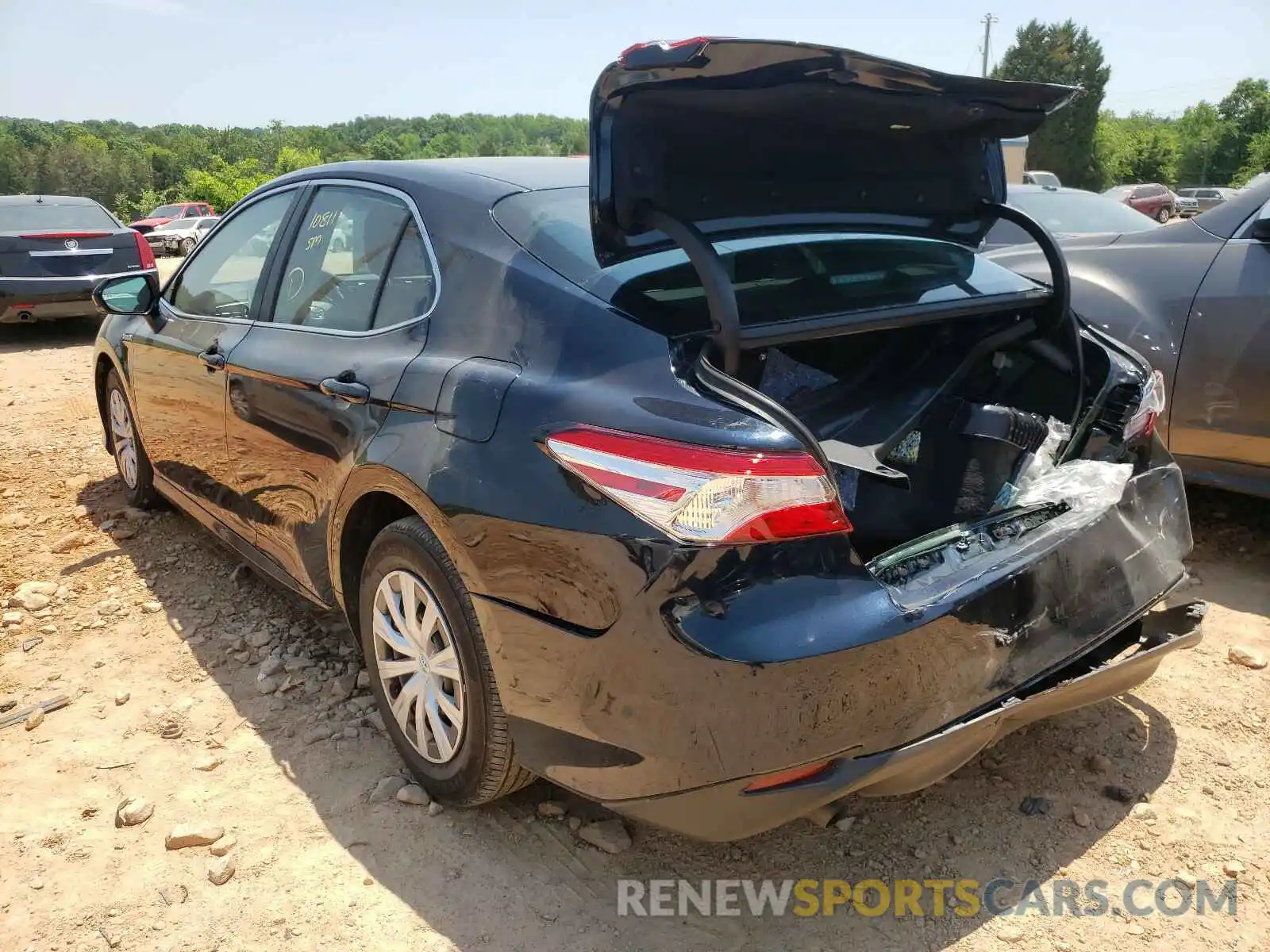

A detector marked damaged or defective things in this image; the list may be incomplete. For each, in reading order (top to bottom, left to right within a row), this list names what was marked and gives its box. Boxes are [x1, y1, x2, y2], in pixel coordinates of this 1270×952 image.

damaged rear bumper [610, 603, 1206, 838]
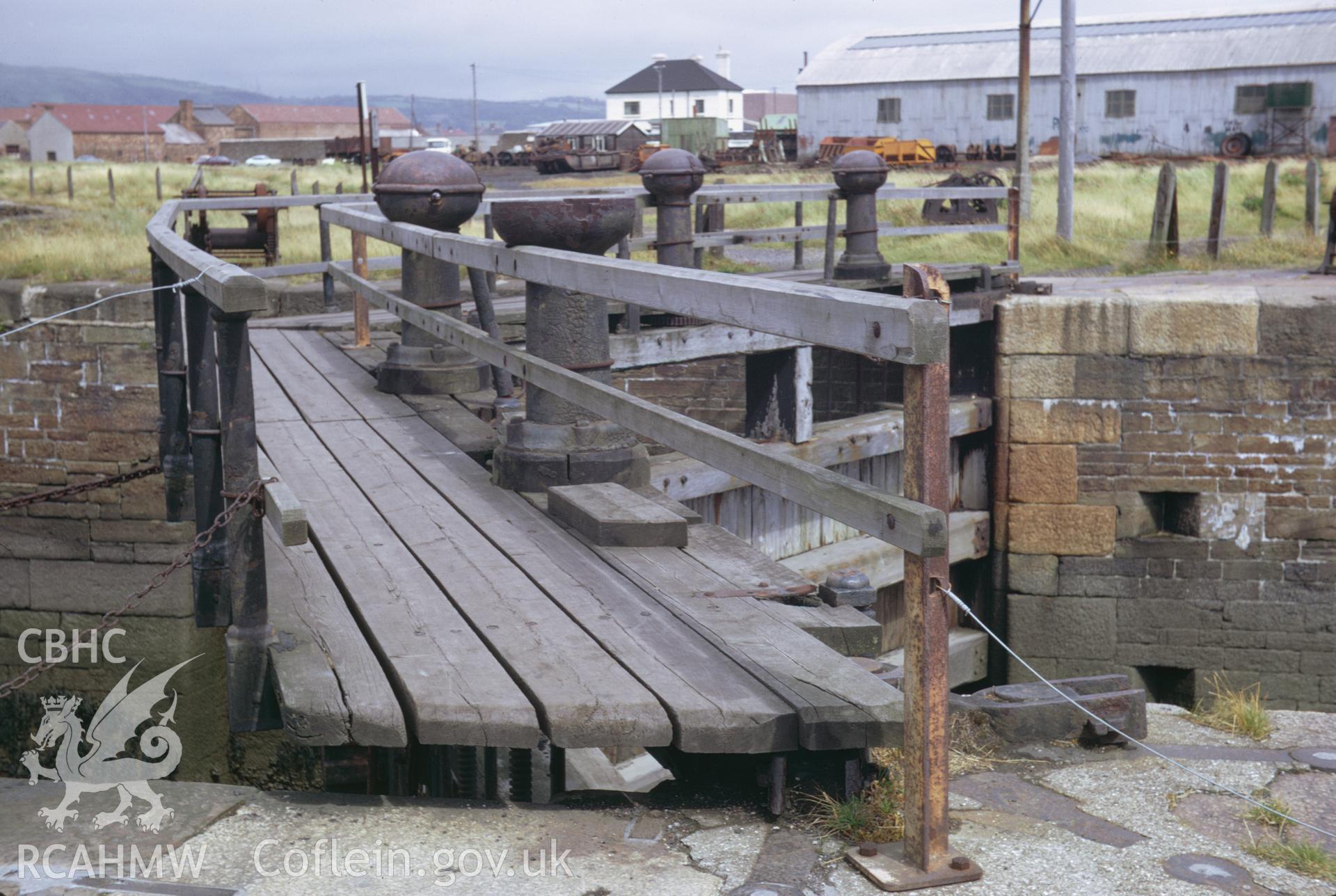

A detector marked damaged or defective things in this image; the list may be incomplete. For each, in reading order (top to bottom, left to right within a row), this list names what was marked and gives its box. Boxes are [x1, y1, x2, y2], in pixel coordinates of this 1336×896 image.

rusty metal post [152, 248, 193, 523]
rusted mechanism [183, 182, 276, 266]
rusty metal post [350, 231, 371, 347]
rusted mechanism [374, 150, 494, 395]
rusted mechanism [491, 196, 651, 494]
rusty metal post [790, 202, 802, 269]
rusty metal post [834, 152, 886, 280]
rusted mechanism [834, 150, 886, 282]
rusty winding gear [924, 172, 1004, 225]
rusted mechanism [930, 172, 1004, 225]
rusty chain [0, 462, 163, 513]
rusty chain [0, 475, 271, 699]
rusty metal post [183, 291, 227, 627]
rusty metal post [211, 312, 276, 731]
rusty metal post [844, 264, 983, 892]
rusted mechanism [951, 675, 1149, 747]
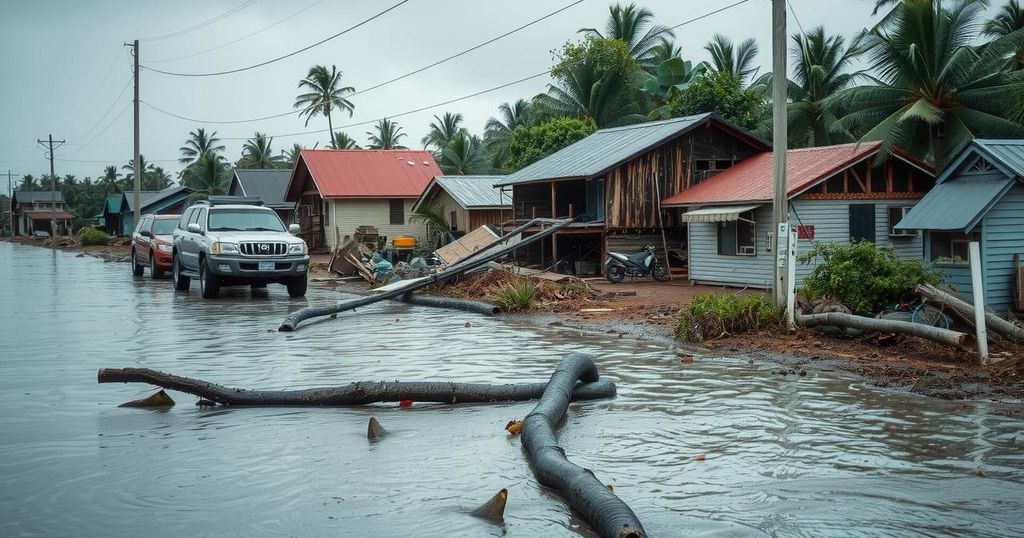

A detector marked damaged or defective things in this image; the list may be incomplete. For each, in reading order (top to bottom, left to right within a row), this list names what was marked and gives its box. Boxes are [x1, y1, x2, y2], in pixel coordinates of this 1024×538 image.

rusty metal roof [292, 147, 444, 197]
rusty metal roof [663, 141, 888, 207]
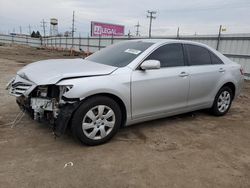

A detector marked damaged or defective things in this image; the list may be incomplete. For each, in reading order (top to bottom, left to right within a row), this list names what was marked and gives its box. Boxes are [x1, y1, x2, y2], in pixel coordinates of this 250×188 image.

damaged front end of car [6, 74, 80, 135]
detached car part on ground [6, 39, 244, 145]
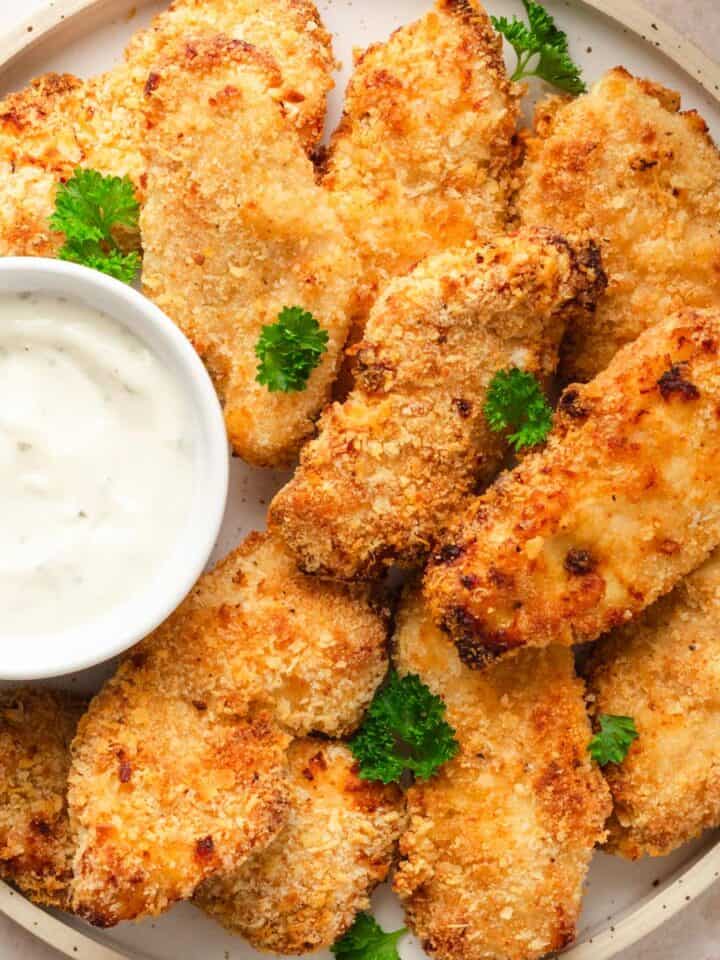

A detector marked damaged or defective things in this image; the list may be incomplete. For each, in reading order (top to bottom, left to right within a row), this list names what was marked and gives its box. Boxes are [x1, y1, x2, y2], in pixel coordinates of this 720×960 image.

charred spot on breading [660, 364, 696, 402]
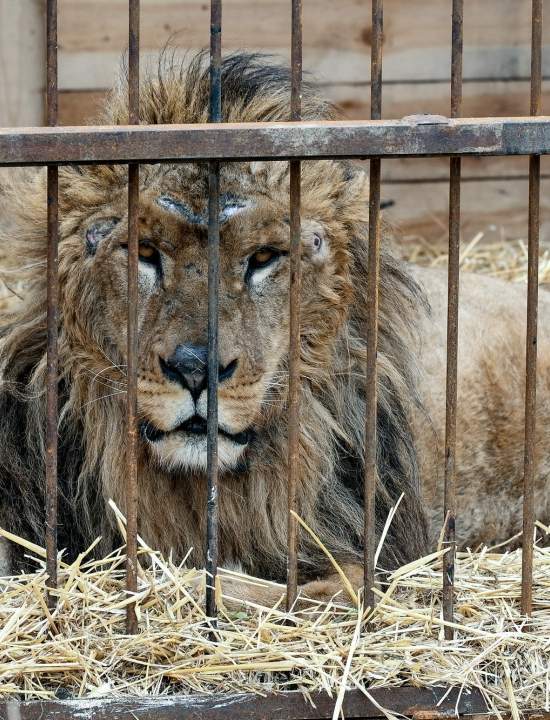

***

The task calls for every record to be transcribed exactly, with no images included.

— REPLY TO THE EXERCISE —
A detector marked damaged or defective things in this image; the list may be incomplete. For each, in reading order (top to bottom, left to right within a row), this list names what was marked and gives its box. Boxes are [x1, y1, x2, y2], in pixel coordinates of this 1270×952 image.

damaged rear bumper [610, 603, 1206, 838]

A detector marked damaged or defective things in this image; the list may be incomplete. For each, in reading order (top to bottom, left to right within a row), this list names what was marked and gives its box. Boxes are [x1, y1, x2, y2], in pixel coordinates of this 1336×896 image.

rusty metal post [152, 248, 193, 523]
rusted mechanism [183, 182, 276, 266]
rusty metal post [350, 231, 371, 347]
rusted mechanism [374, 150, 494, 395]
rusted mechanism [491, 196, 651, 494]
rusty metal post [790, 202, 802, 269]
rusty metal post [834, 152, 886, 280]
rusted mechanism [834, 150, 886, 282]
rusty winding gear [924, 172, 1004, 225]
rusted mechanism [930, 172, 1004, 225]
rusty chain [0, 462, 163, 513]
rusty chain [0, 475, 271, 699]
rusty metal post [183, 291, 227, 627]
rusty metal post [211, 312, 276, 731]
rusty metal post [844, 264, 983, 892]
rusted mechanism [951, 675, 1149, 747]

A detector marked damaged or defective things in this image; the list may be incomplete. For each, in reading order (top to bottom, left to right within a row), this list names what was marked and gives its box. Boxes are [x1, y1, x2, y2], in pixel coordinates of this 1024×538 image.

rusty metal roof [292, 147, 444, 197]
rusty metal roof [663, 141, 888, 207]

A detector marked damaged or defective things in this image; the list may be incomplete. For each, in reading order (top to bottom, left to right within a row), this list names what was marked and gives its box. Boxes are [x1, y1, x2, y2], in pixel coordinates of this 250×188 image.

damaged front end of car [6, 74, 80, 135]
detached car part on ground [6, 39, 244, 145]

A detector marked damaged or defective things in this image; the list may be incomplete. For each, in reading order (top to bottom, left to right within a row), this list names what was marked and gives its box. Boxes are [x1, y1, x2, y2], in pixel coordinates of this 720×960 image.

charred spot on breading [660, 364, 696, 402]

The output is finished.